Em todo o dever há um ter de ser, que é o seu aspecto imperativo ou prescritivo, e um "ser quê", que é o seu aspecto descritivo ou conteudal. Separar o "dever" do "ter de ser" só pode ser feito neste sentido de separar a ordem dada, do conteúdo informativo dessa ordem. É isso que Irene Borges-Duarte não clarifica. O dever não se converte num "não poder não querer": ele já é, na sua génese, um "não poder não querer".

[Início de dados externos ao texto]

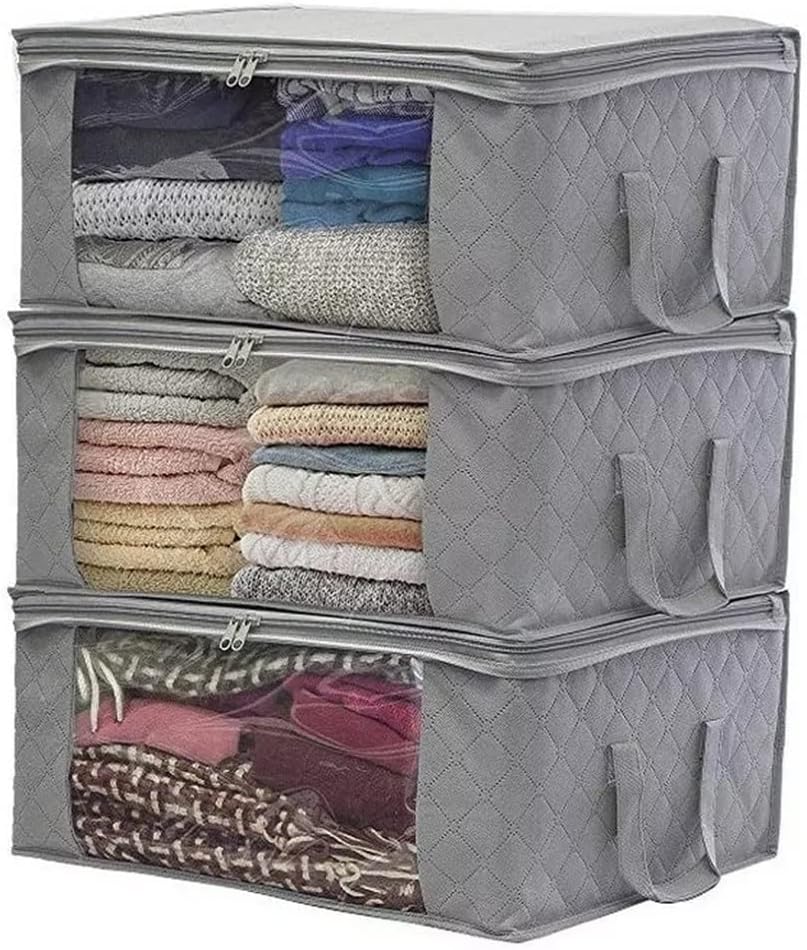 JSEIAJB 3Pcs Clothing Wardrobe Organizer Bag Clothes Blanket Quilt Closet Box Bag Home Foldable Storage Organization(White-Gintama1)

Na verdade, dizer, por exemplo, ao ver uma situação de atropelamento «Tens de ligar já ao 112 para vir buscar aquele ferido que está ali na estada, caído e inanimado» é o mesmo que dizer «Deves ligar já ao 112 para vir buscar aquele ferido que está ali na estada, caído e inanimado». Não há diferença entre o ter de e o deves, enquanto imperativo.

 

Não me parece correcta a asserção acima explanada: «A mesma força constringente da "natureza" da nossa razão ordena e obriga, num caso, a agir (domínio práxico), no outro a conhecer (domínio teórico) algo como objecto da experiência. Mas em ambos casos, tem de ser assim!» ». O conhecer, como objecto da experiência, não é um mecanismo formal necessário, é uma apreensão da máxima isto é do princípio subjectivo moral existente em cada indivíduo. Ora este princípio é contingente, é variável de pessoa a pessoa e repousa no sentimento ou na racionalidade senciente - tese que Kant não perfilha nem desenvolve, o que põe em evidência a fraqueza da sua doutrina, como muito bem apontou no século XX Max Scheler, o grande teórico alemão da ética material de valores a priori. Por conseguinte, em ambos os casos não tem que ser assim, ao contrário do que diz Irene Borges-Duarte. A razão não prescreve a máxima, recebe-a e universaliza-a. A máxima não tem que ser assim, é uma escolha (sentimental) de cada indivíduo.

 

Por outro lado, - aspecto que Irene Borges-Duarte não aborda - o "tem de ser" não é exclusivo do imperativo categórico: está presente no imperativo hipotético, ao qual subjaz o determinismo natural que condiciona o corpo e o conforto material de que necessita. Exemplo do imperativo hipotético do vendedor de enciclopédias: «Tens de vender o maior número de enciclopédias possível às pessoas porque tens as prestações da casa e do carro e a alimentação a pagar, para sobreviveres, e tens de persuadir as pessoas de que necessitam de comprar essas enciclopédias, mesmo que o conteúdo destas não ofereça a qualidade necessária e de nada sirva aos compradores, que são para ti meios de enriqueceres e sobreviveres.»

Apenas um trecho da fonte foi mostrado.